Dataset:
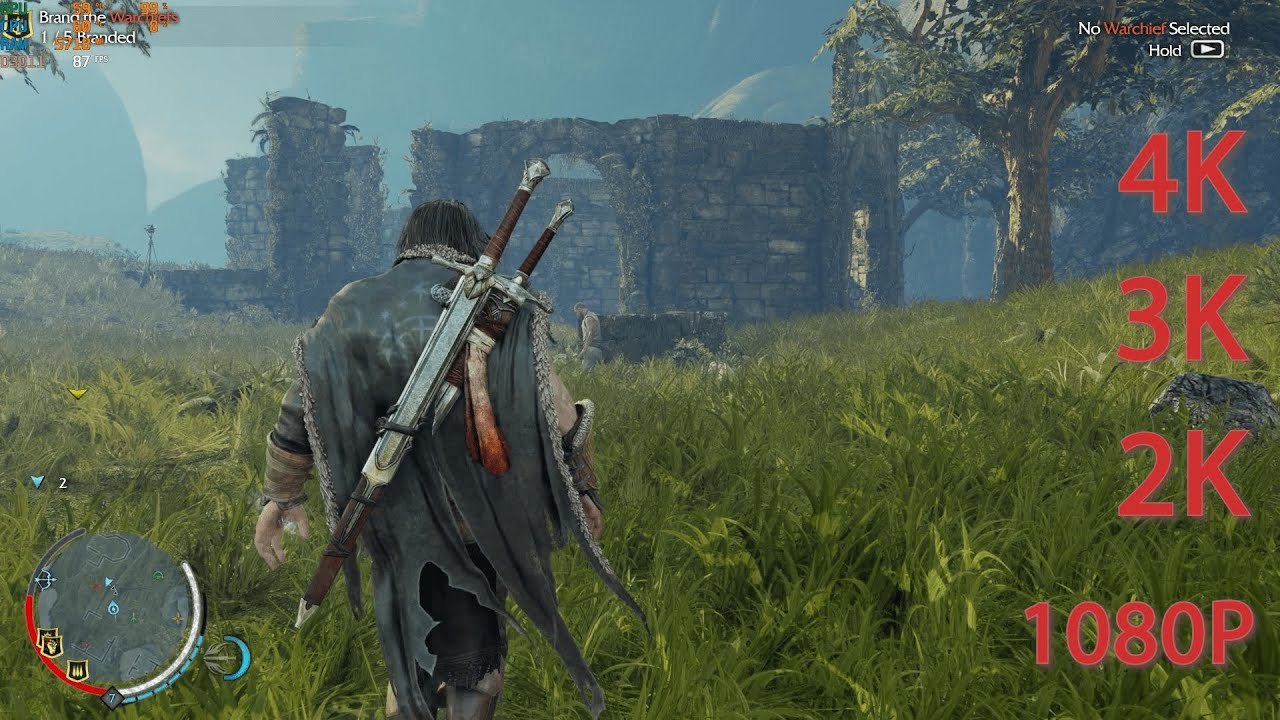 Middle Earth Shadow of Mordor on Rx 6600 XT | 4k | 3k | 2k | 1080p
--
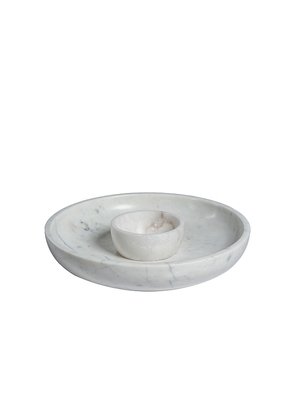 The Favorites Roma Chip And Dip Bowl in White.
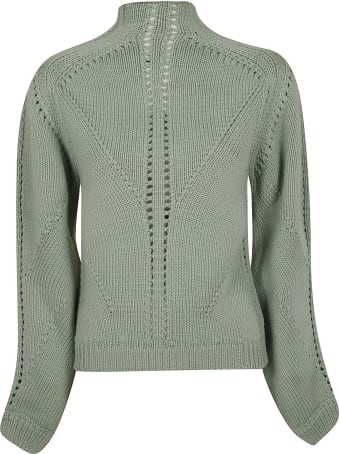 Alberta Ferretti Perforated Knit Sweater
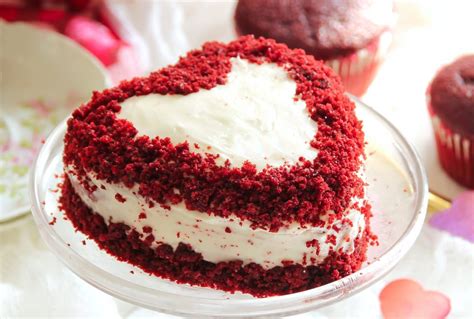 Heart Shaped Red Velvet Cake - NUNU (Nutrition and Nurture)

Your assignment: Give again the stretch of lines above from the one with "The Favorites Roma" through the one with "(Nutrition and Nurture)", both ends kept, and copy no pictures.

Solved exercise:
 The Favorites Roma Chip And Dip Bowl in White.
 Alberta Ferretti Perforated Knit Sweater
 Heart Shaped Red Velvet Cake - NUNU (Nutrition and Nurture)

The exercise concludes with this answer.